▸ **Work instructions**
What you write must be the listing below in full, word for word, minus its pictures.

▸ **Supplied information**

"""

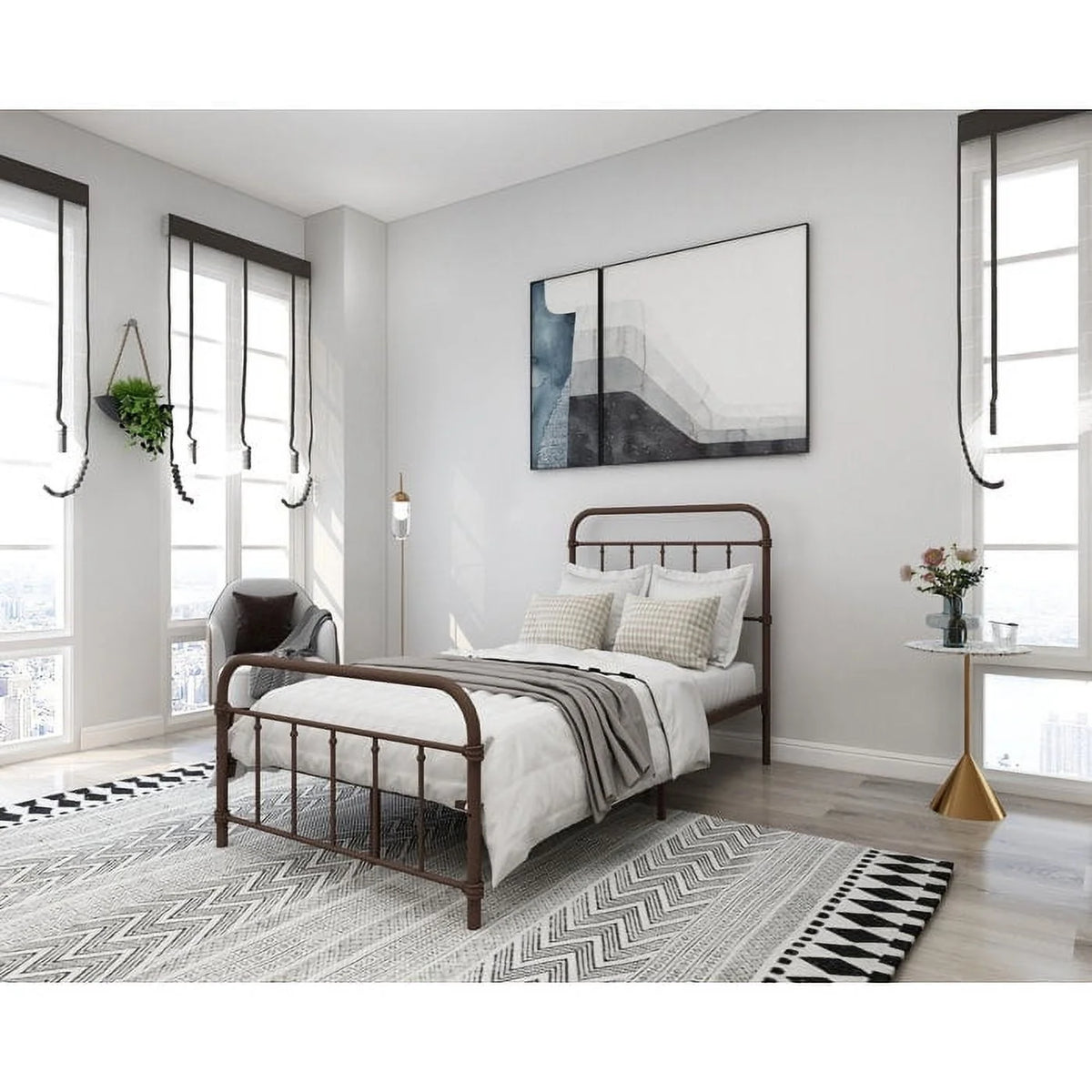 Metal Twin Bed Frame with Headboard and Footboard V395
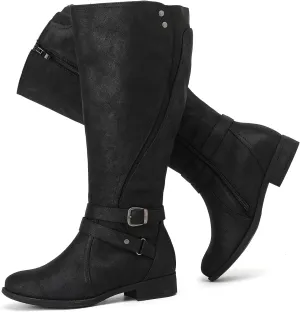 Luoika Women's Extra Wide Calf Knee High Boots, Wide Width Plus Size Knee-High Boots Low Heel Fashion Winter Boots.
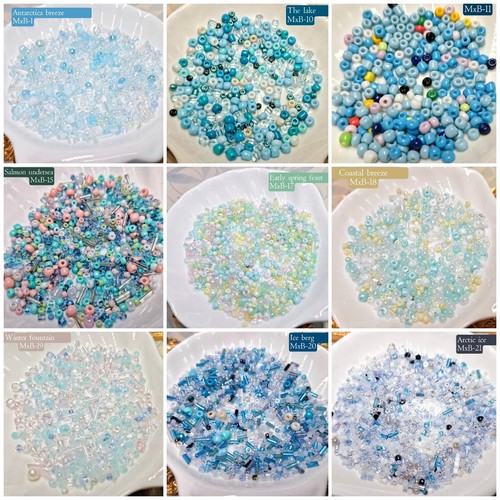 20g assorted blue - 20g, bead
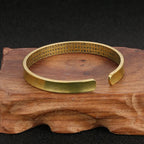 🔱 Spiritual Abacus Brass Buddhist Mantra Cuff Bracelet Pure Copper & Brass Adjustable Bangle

"""

▸ **Exercise solution**
 Metal Twin Bed Frame with Headboard and Footboard V395
 Luoika Women's Extra Wide Calf Knee High Boots, Wide Width Plus Size Knee-High Boots Low Heel Fashion Winter Boots.
 20g assorted blue - 20g, bead
 🔱 Spiritual Abacus Brass Buddhist Mantra Cuff Bracelet Pure Copper & Brass Adjustable Bangle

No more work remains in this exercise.